For reasons that he can’t quite explain, he began his trip by going to Nepal to volunteer for a few months in an orphanage. He didn’t really like kids. He’d never volunteered anywhere. Why was he doing this? He couldn’t explain it to his friends because he couldn’t explain it to himself. He decided that he was doing it because it would make a good story, useful for impressing women, if he could say he’d volunteered in a Nepalese orphanage.
His time at the Little Princes Children’s Home changed the arc of his life. What he found there both shocked him to his core and opened his life to depths of meaning and love that he might have never otherwise known. The children in the home were rambunctious and vibrant. And, he discovered, most were not orphans. There was a civil war in Nepal and the children had been taken from their parents, from their remote villages, unwitting victims of child traffickers. For an enormous fee, the traffickers promised to protect and educate the children only to dump them in the city to die.

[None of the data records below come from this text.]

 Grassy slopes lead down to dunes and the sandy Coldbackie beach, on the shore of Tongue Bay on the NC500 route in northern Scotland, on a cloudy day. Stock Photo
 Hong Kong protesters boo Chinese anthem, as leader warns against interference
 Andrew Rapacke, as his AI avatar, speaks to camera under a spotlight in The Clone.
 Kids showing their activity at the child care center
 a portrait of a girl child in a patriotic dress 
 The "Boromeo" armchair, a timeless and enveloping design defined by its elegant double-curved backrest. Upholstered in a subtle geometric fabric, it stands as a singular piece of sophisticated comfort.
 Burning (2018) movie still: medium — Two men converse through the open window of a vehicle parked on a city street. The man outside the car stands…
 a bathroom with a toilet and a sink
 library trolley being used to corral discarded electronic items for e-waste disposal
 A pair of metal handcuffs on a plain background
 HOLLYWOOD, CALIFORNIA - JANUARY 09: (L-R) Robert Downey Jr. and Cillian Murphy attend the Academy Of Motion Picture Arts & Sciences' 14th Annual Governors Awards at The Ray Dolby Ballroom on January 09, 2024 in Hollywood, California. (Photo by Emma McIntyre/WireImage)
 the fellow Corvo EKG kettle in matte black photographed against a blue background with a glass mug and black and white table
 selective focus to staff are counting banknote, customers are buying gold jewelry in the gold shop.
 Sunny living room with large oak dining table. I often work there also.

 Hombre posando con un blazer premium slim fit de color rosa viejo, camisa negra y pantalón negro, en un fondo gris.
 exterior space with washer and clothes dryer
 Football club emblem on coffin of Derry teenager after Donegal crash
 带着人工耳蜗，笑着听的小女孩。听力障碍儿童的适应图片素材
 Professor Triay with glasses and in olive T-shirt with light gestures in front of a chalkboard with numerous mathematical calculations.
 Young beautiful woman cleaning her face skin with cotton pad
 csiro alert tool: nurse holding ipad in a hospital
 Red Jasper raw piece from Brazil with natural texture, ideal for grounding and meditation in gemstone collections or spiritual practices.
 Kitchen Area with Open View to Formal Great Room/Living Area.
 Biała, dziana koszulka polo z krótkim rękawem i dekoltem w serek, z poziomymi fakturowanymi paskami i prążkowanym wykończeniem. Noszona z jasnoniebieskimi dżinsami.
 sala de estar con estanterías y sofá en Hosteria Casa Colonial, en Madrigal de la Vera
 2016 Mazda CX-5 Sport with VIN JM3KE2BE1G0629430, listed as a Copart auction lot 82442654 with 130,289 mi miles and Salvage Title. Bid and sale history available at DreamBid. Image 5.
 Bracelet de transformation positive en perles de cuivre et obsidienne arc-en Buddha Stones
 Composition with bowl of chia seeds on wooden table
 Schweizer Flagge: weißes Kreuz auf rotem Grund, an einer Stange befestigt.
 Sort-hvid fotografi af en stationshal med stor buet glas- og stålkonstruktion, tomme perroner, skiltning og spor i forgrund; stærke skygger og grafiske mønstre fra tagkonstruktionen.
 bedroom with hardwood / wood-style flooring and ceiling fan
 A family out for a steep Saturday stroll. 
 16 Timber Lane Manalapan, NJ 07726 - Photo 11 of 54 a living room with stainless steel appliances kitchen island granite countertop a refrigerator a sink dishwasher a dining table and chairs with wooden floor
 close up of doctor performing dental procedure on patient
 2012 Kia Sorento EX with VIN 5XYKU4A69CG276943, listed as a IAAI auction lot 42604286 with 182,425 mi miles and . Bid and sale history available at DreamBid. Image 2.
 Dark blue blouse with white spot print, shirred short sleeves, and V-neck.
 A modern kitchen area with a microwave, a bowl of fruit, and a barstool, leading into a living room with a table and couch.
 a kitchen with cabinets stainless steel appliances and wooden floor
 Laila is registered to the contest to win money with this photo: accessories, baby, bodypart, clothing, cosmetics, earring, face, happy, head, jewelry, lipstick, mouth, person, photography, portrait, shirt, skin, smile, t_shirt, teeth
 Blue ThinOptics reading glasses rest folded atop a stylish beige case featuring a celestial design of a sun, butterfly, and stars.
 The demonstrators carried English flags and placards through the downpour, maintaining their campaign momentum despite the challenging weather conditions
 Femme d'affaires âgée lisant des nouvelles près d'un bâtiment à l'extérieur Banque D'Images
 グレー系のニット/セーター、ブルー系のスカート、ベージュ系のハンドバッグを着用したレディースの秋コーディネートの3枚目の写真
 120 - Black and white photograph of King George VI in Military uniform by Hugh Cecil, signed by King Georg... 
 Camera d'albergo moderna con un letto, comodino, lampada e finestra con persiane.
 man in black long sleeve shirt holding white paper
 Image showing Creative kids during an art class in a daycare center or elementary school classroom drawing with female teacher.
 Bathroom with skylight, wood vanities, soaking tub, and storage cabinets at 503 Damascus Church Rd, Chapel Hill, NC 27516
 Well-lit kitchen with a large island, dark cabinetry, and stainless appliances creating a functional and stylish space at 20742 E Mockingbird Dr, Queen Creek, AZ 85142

Conor’s good pick-up line has become a life-long commitment to reunite the children with their parents. In a country blasted by civil war, desperate in its poverty, he is finding a way to reunite the children with their families. It is dangerous work.
Sometimes your purpose finds you.
His story could be one of insurmountable obstacles. He could have left and never returned, pretended not to know what was going on there. His story is messy and gritty and sometimes tragic. It is a story of great love, resilient spirits, perseverance and a testament to what one person can do when their purpose rises to greet them – and they have the will to rise and meet it.